→ **WORK TO BE COMPLETED**
When you reach the line that contains "Women's Burgundy Soft", please begin copying, and carry on exactly to the last line of the material, leaving out every picture.

→ **DATASET CONTENT**
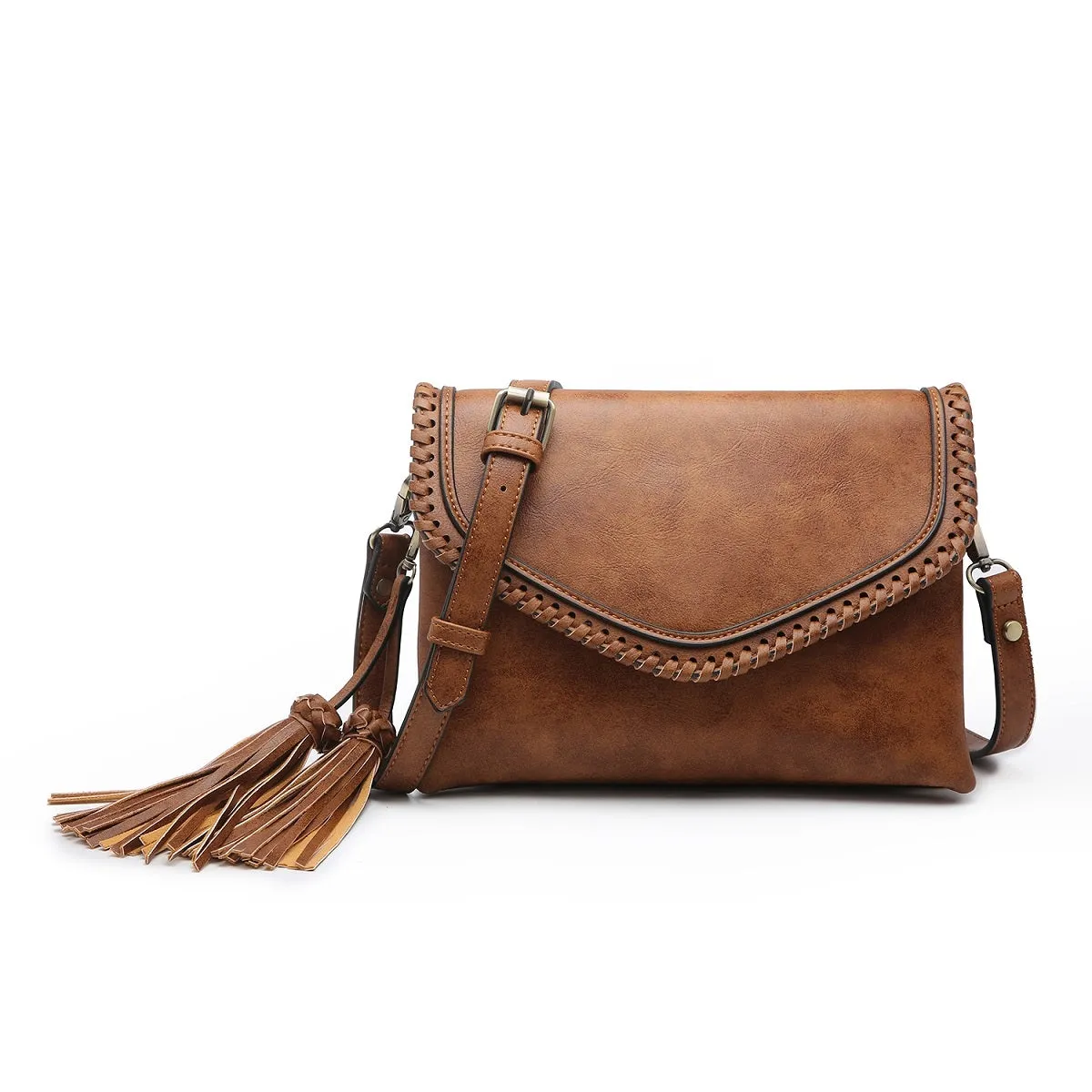 M1802A Flapover Crossbody w/ Whipstitch & Double Tassel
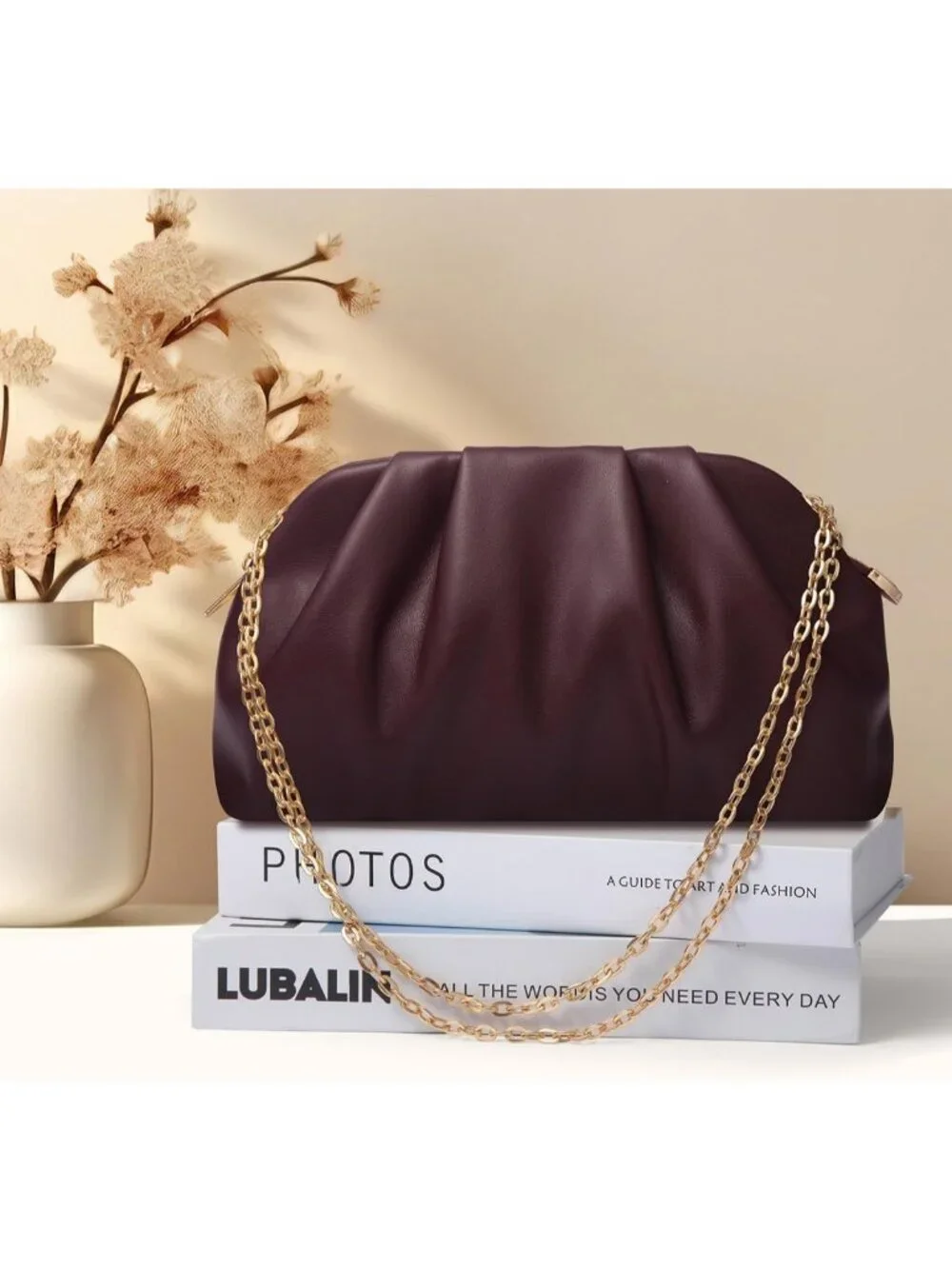 Women's Burgundy Soft Pleated Pu Clutch Purse Elegant Evening Wedding Bag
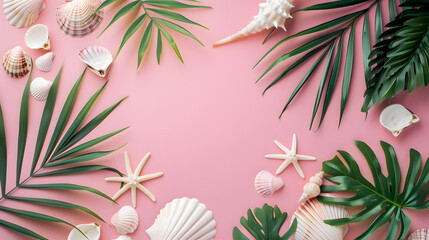 Summer tropical banner - Refreshing design pop colors background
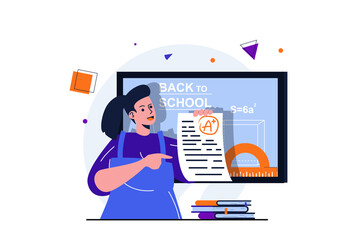 Wall Mural - Back to school modern flat concept for web banner design. Happy schoolgirl holds sheet with exam and gets highest score. Student studying at college. Vector illustration with isolated people scene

→ **WRITTEN RESPONSE**
 Women's Burgundy Soft Pleated Pu Clutch Purse Elegant Evening Wedding Bag
 Summer tropical banner - Refreshing design pop colors background
 Wall Mural - Back to school modern flat concept for web banner design. Happy schoolgirl holds sheet with exam and gets highest score. Student studying at college. Vector illustration with isolated people scene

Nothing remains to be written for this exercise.